I stalked some sewists last year and was really jealous of their makes and simultaneously bummed I missed out on the challenge. Let me tell you how excited I am that the challenge is happening again this year! Some of the patterns from last year are on my sewing wish list and I may swap them in for a few of this year’s selections that I may not participate in. 

Here is the list of makes for this year:

I like that some of the selected patterns have a few views you can make plus pattern hacks are acceptable. I am going to try really hard to sew from my stash, but no promises.

The pattern list selections will be updated as we go, but as of mid-January I am most looking forward to the below selections.

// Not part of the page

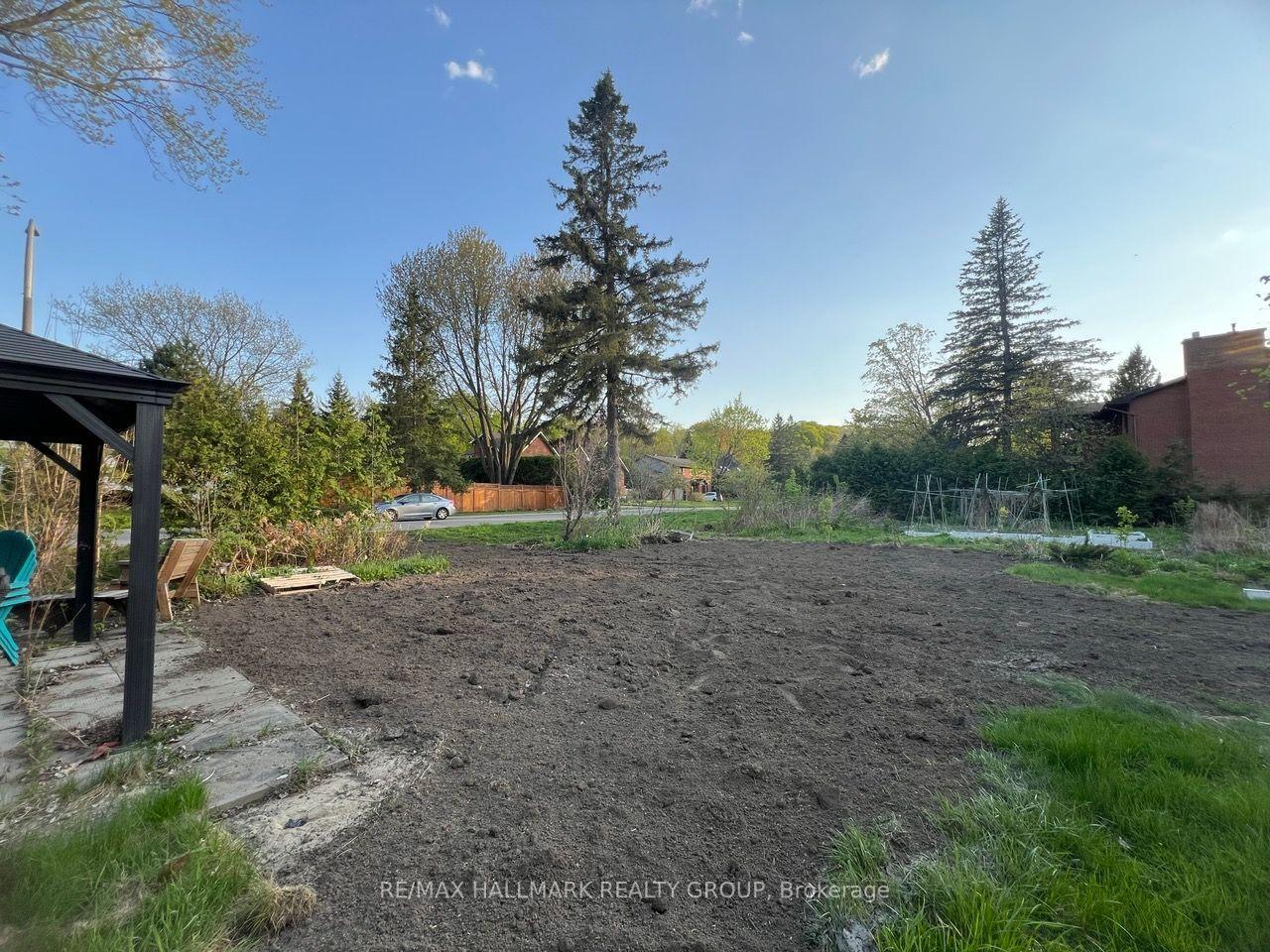 Photo 11 of 4807 Massey Lane Crescent, Ottawa, Rothwell Heights — HOMEH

From left to right: January -Sunny Dress, August -Halifax hoodie, March – Kalle shirt dress, September – Fringe dress, December -Axel skirt.

I plan on participating in November with the lingerie pattern, but the selection hasn’t been relased yet. I am on the fence about making the Suki kimono because I am not convinced I need another kimono top in my wardrobe. I will cave if I find a fabric I can’t live without.

The Rumana coat is such a gorgeous pattern, but I will be skipping it because I just don’t need a new coat. It is a firm no on the Marigold jumpsuit because the pants are going to accentuate the heaviest part of my body, my hips. I am also going to pass on the Lander shorts/pants as well as the totes at this point in time.

Two patterns from last year’s list that I am going to swap with some of my no’s are the Sew house 7 Toaster sweater 

and the Cali Faye Collection Valley Blouse. 

I would love to add in a different indie pattern pant to my makes. Does anyone have a pattern they love for heavy hipped/Apple bottom girls?

Since January has already come to an end, I did make the Sunny top and dress. It may be a little late but I will review the pattern and share my completed garments here shortly. 


My #makenine2018 selections!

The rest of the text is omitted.